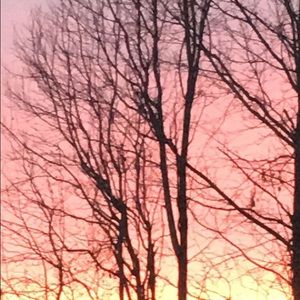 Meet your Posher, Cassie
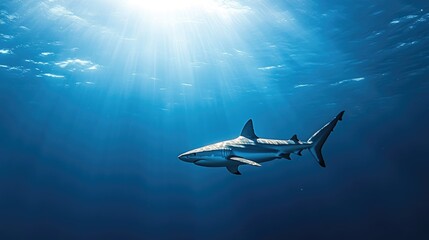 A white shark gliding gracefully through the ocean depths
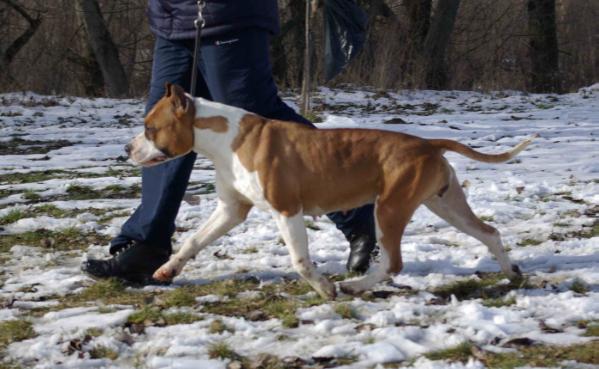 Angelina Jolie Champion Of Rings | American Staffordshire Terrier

+ + + + +

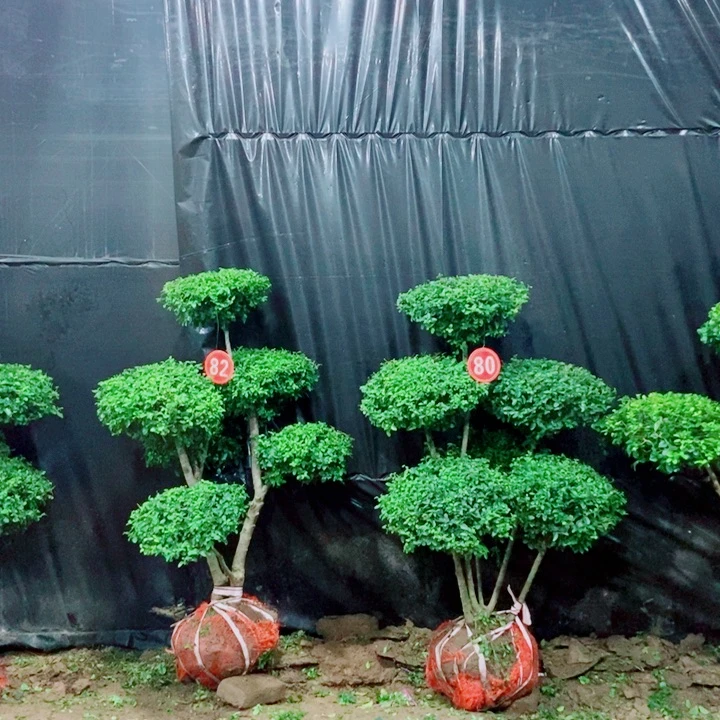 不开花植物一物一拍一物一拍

+ + + + +

**To do**
Starting at the line above with "Meet your Posher, Cassie", output every line exactly up to and including the line with "Angelina Jolie Champion", but none of the pictures.

**Your response**
 Meet your Posher, Cassie
 A white shark gliding gracefully through the ocean depths
 Angelina Jolie Champion Of Rings | American Staffordshire Terrier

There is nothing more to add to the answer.